WARNING: Chromosome 21 not found in annotation sources or synonyms on line 160
This can occur if the chromsome names differ between your input variant and any annotation source that you are using (cache, database, GFF/GTF file, FASTA file, custom annotation file). To circumvent this you may provide VEP with a synonyms file. A synonym file is included in VEP's cache files, so if you have one of these for your species you can use it as follows:
./vep -i input.vcf -cache -synonyms ~/.vep/homo_sapiens/89_GRCh38/chr_synonyms.txt
The file consists of lines containing pairs of tab-separated synonyms. Order is not important as synonyms can be used in both "directions".
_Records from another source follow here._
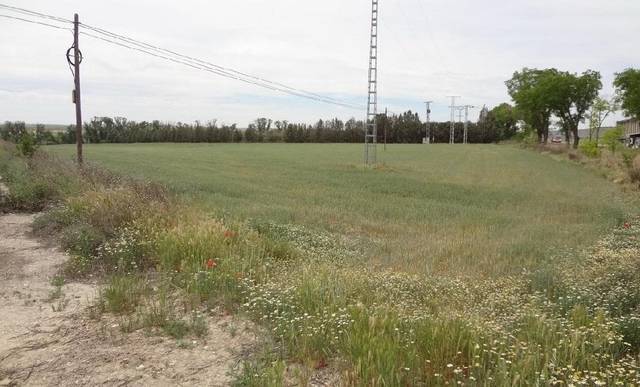 Terreno en Venta en  CTRA. FUENTIDUEÑA DE TAJO CON ESTREMERA en Estremera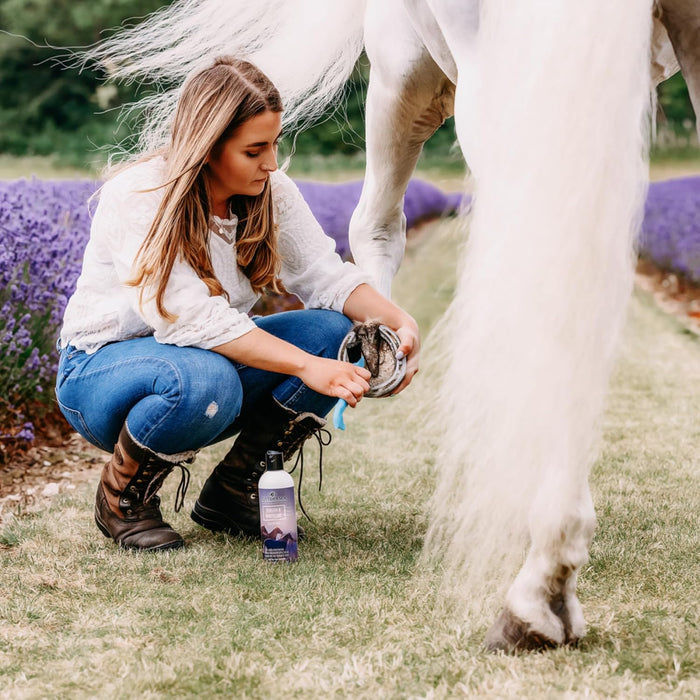 Equiderma Thrush & White Line Treatment for Horses 16 oz.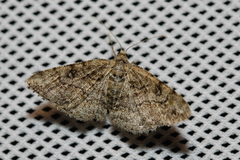 Cleora cinctaria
Q: Can I get gnomAD allele frequencies in VEP?
Yes, see this guide.
Q: Why do I see the following error?
Could not connect to database homo_sapiens_core_63_37 as user anonymous using [DBI:mysql:database=homo_sapiens_core_63_37;host=ensembldb.ensembl.org;port=5306] as a locator: Unknown MySQL server host 'ensembldb.ensembl.org' (2) at $HOME/src/ensembl/modules/Bio/EnsEMBL/DBSQL/DBConnection.pm line 290. -------------------- EXCEPTION -------------------- MSG: Could not connect to database homo_sapiens_core_63_37 as user anonymous using [DBI:mysql:database=homo_sapiens_core_63_37;host=ensembldb.ensembl.org;port=5306] as a locator: Unknown MySQL server host 'ensembldb.ensembl.org' (2)
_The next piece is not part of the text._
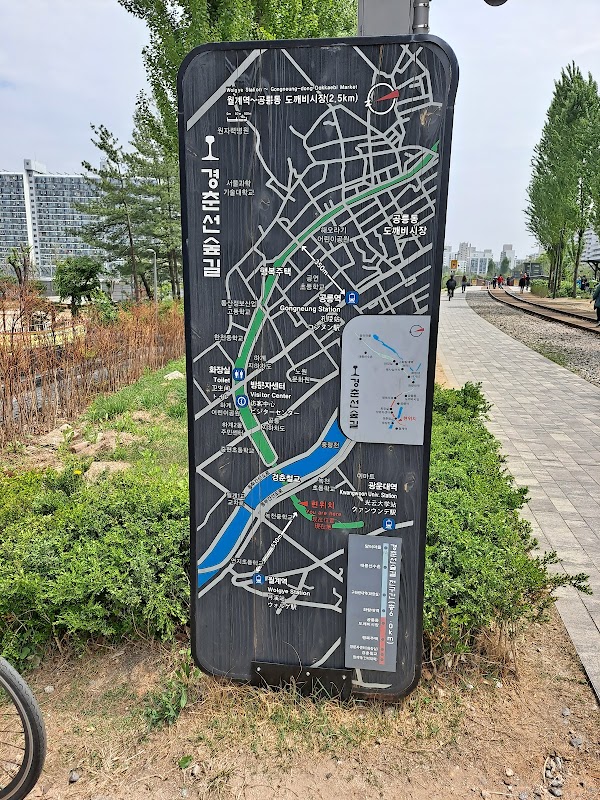 Gyeongchun Line Forest Trail 6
A: By default the VEP script is configured to connect to the public MySQL server at ensembldb.ensembl.org. Occasionally the server may break connection with your script, which causes this error. This can happen when the server is busy, or due to various network issues. Consider using a local copy of the database, or the caching system.
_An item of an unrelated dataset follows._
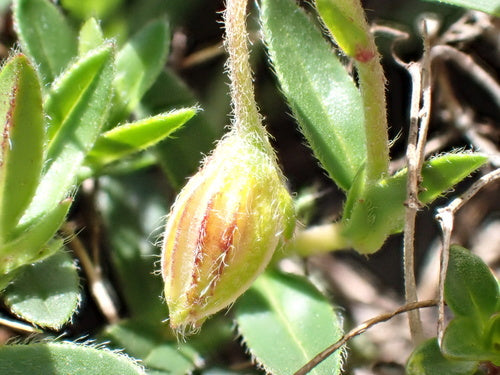 Gewöhnliches Sonnenröschen — Bild 2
Q: Can I use the VEP script on Windows?
Yes - see the documentation for a few different ways to get the VEP running on Windows.
Q: Can I download all of the SIFT and/or PolyPhen predictions?
A: The Ensembl Variation database and the human VEP cache file contain precalculated SIFT and PolyPhen predictions for every possible amino acid change in every translated protein product in Ensembl. Since these data are huge, we store them in a compressed format. The best approach to extract them is to use our Perl API.
The format in which the data are stored in our database is described here
The simplest way to access these matrices is to use an API script to fetch a ProteinFunctionPredictionMatrix for your protein of interest and then call its 'get_prediction' method to get the score for a particular position and amino acid, looping over all possible amino acids for your position. There is some detailed documentation on this class in the API documentation here.
You would need to work out which peptide position your codon maps to, but there are methods in the TranscriptVariationAllele class that should help you (probably translation_start and translation_end).